JPMML-Evaluator

Java Evaluator API for Predictive Model Markup Language (PMML).

Features
Prerequisites
Installation
API
Basic usage
Advanced usage
Example applications
Documentation
Support
License
Additional information

Features

JPMML-Evaluator is de facto the reference implementation of the PMML specification versions 3.0, 3.1, 3.2, 4.0, 4.1, 4.2 and 4.3 for the Java/JVM platform:

Pre-processing of input fields according to the DataDictionary and MiningSchema elements:
- Complete data type system.
- Complete operational type system.
- Treatment of outlier, missing and/or invalid values.
Model evaluation:
Post-processing of target fields according to the Targets element:
- Rescaling and/or casting regression results.
- Replacing a missing regression result with the default value.
- Replacing a missing classification result with the map of prior probabilities.
Calculation of auxiliary output fields according to the Output element:
- Over 20 different result feature types.
Model verification according to the ModelVerification element.
Vendor extensions:
- Memory and security sandboxing.
- Java-backed model, expression and predicate types - integrate any 3rd party Java library into PMML data flow.
- MathML prediction reports.

For more information please see the features.md file.

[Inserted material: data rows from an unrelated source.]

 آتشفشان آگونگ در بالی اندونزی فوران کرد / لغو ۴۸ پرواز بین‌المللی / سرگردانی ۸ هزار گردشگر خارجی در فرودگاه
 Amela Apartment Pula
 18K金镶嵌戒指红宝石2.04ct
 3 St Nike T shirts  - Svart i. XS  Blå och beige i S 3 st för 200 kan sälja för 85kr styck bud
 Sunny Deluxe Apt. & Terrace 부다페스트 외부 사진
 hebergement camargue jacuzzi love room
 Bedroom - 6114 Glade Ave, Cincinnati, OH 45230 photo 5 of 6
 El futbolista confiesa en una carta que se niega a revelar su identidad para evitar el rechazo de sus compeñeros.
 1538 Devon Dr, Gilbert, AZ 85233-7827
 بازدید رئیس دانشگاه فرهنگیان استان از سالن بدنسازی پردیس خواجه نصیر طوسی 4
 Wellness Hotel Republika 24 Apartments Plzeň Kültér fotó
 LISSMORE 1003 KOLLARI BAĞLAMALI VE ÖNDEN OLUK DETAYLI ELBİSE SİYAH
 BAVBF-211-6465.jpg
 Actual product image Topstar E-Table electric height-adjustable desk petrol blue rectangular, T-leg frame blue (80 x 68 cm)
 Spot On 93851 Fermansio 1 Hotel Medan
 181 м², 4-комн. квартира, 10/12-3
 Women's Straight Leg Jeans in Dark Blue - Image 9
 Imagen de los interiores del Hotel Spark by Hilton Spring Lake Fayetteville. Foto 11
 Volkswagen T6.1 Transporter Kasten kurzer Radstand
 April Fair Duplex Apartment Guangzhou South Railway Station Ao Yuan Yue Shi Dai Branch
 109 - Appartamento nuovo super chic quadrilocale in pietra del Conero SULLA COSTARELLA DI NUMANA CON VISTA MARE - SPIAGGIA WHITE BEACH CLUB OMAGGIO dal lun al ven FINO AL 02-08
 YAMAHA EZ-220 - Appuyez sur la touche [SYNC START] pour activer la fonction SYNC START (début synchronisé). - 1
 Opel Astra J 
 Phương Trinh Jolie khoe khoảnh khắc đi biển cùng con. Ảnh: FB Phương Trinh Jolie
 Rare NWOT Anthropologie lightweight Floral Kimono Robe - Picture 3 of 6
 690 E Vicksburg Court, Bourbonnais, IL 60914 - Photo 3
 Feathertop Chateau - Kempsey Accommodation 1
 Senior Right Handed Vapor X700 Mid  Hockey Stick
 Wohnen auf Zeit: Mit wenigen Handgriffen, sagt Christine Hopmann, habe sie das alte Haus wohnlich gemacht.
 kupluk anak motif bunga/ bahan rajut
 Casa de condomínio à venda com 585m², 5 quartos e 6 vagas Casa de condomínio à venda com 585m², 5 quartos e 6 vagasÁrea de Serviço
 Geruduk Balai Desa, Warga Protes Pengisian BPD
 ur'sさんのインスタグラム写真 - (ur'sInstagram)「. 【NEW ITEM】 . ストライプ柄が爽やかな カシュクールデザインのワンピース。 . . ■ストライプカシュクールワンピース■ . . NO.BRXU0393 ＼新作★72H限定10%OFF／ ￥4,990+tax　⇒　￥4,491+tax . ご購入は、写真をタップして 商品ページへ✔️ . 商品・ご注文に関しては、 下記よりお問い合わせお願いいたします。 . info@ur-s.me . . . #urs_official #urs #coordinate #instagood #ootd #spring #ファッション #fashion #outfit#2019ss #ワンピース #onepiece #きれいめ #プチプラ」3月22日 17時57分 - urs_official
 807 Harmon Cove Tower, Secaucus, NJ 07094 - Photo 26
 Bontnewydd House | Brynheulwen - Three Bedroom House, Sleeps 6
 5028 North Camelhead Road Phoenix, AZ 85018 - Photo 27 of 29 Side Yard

JPMML-Evaluator is interoperable with most popular statistics and data mining software:

R and Rattle:
- JPMML-R library.
- r2pmml package.
- pmml and pmmlTransformations packages.
Python and Scikit-Learn:
- JPMML-SkLearn library.
- sklearn2pmml package.
Apache Spark:
- JPMML-SparkML library.
- pyspark2pmml and sparklyr2pmml packages.
- mllib.pmml.PMMLExportable interface.
H2O.ai:
- JPMML-H2O library.
XGBoost:
- JPMML-XGBoost library.
LightGBM:
- JPMML-LightGBM library.
TensorFlow:
- JPMML-TensorFlow library.
KNIME
RapidMiner
SAS
SPSS

JPMML-Evaluator is fast and memory efficient. It can deliver one million scorings per second already on a desktop computer.

Prerequisites

Java Platform, Standard Edition 8 or newer.

Installation

JPMML-Evaluator library JAR files (together with accompanying Java source and Javadocs JAR files) are released via Maven Central Repository.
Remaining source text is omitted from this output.